When I was writing my book, Knowing Your Value, about women getting paid what they’re worth, Sandberg told me, “A lot of getting ahead in the workplace has to do with being willing to raise your hand, having the confidence to say ‘I want that job, or I see that problem and I’m going to fix it.’” And, she noted, women don’t raise their hands like men do, sometimes literally. She recalled the time she gave a talk to a few hundred Facebook employees about owning your own success. At the end of the talk she told the audience she had time to take a couple of questions. After answering two more questions, hands were still waving so she continued to call on people. When she returned to her desk a young woman was waiting for her. Sandberg asked if she had learned anything from the talk, and the woman said, “I learned to keep my hand up.” She continued, “After you answered those last two questions all the women put their hands down. The men kept their hands up and you took more questions.” That proved Sandberg’s point; men get more opportunities in the workplace because they keep their hands up.
In Lean In she argues that women must stop “being hindered by barriers within ourselves … by pulling back when we should be leaning in.” Sandberg sees a “leadership ambition gap” and notes that in the U.S. women earn more than half the college degrees, yet women hold only 14 percent of executive officer positions, and only a meager 21 of Fortune 500 CEOS are women. One of the reasons, she believes, for this situation is that women compromise career goals for “partners and children who may not even exist yet” by leaning back, not seeking new jobs, promotions, or more responsibility as they anticipate having a family. She tells young women: “Don’t leave before you leave. Don’t enter the workforce already looking for an exit. Don’t put on the brakes. Accelerate. Keep a foot on the gas pedal until a decision must be made. That’s the only way to ensure that when that day comes, there will be a real decision to make.”
When children do come, Sandberg says make your partner a real partner. Establish a relationship that recognizes that chores and parenting are split 50/50 by two capable partners. “If he gets up to deal with the diaper before being asked, she should smile even if he puts the diaper on the baby’s head. Over time, if he does things his way, he’ll find the correct end.”
Some other good advice from Sandberg: invest in child care early in your career even if it seems you are only breaking even, because it will pay off later when your earnings are higher. When my second daughter, Carlie, was just 4 months old, I was skimping on child care, thinking I couldn’t afford it. But I grew so exhausted working an overnight shift at CBS News that one terrible day, when I was spent and distracted, I tumbled down a flight of stairs with Carlie in my arms. The doctors in the emergency room whispered about spinal cord damage, but we got lucky and Carlie recovered completely from a broken leg. I could have left my job, determined to be a full-time, stay-at-home mom, but it would have been difficult to come back. Instead I spent nearly all my salary after taxes on the right child care, kept my career on track, and gave myself the ability to spend quality time with my girls and my husband.
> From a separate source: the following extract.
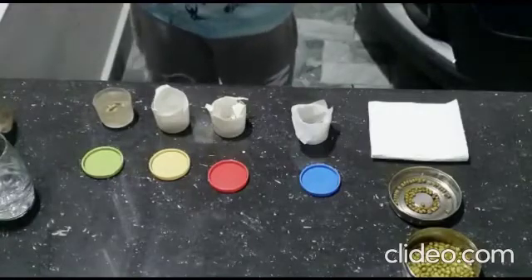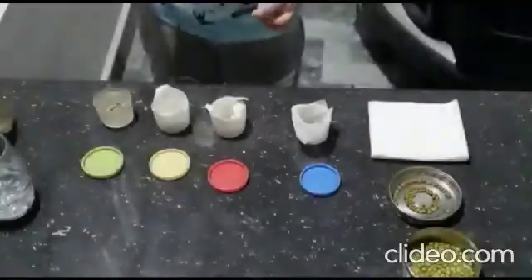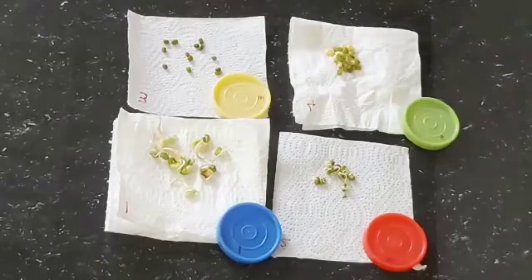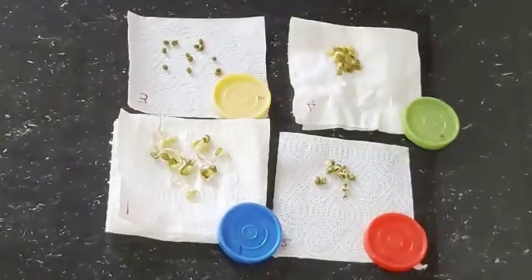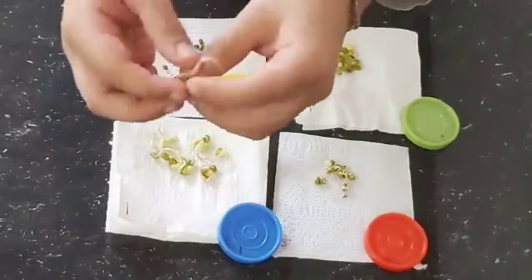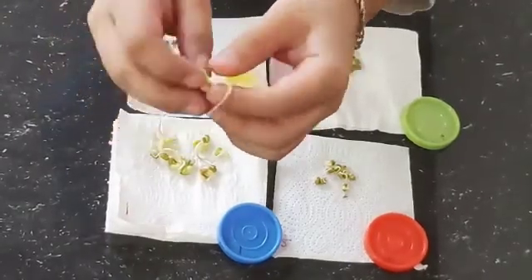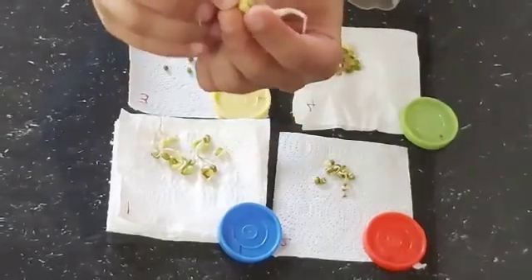Now we will see what will happen after 24 hours. So let us observe what has happened to our seeds. In the first cup, where the paper towel was wet and the seeds were pre-soaked, all germinated nicely — they have long radicles and the plumule is yet to come.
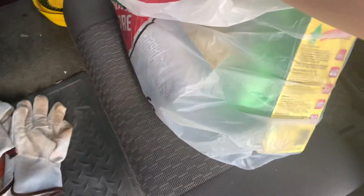Hey boys, just came back from good old Canadian Tire with a whole bunch of stuff. I'll show you in a bit.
Sandberg advises women to “sit at the table,” become more efficient at work, avoid unnecessary sacrifice, and accept what another poster at Facebook suggests, “Done is better than perfect.” You can choose to dismiss her as a privileged woman or take her advice as someone (like me) who has struggled along the way, and accept Sandberg’s clarion call: “We must decide that true equality is long overdue and will be achieved only when more women rise to the top of every government and every industry. Then we have to do the hard work of getting there.” Men and women have to work together, and “instead of ignoring our differences, we need to accept and transcend them.” Leaning in is the first step.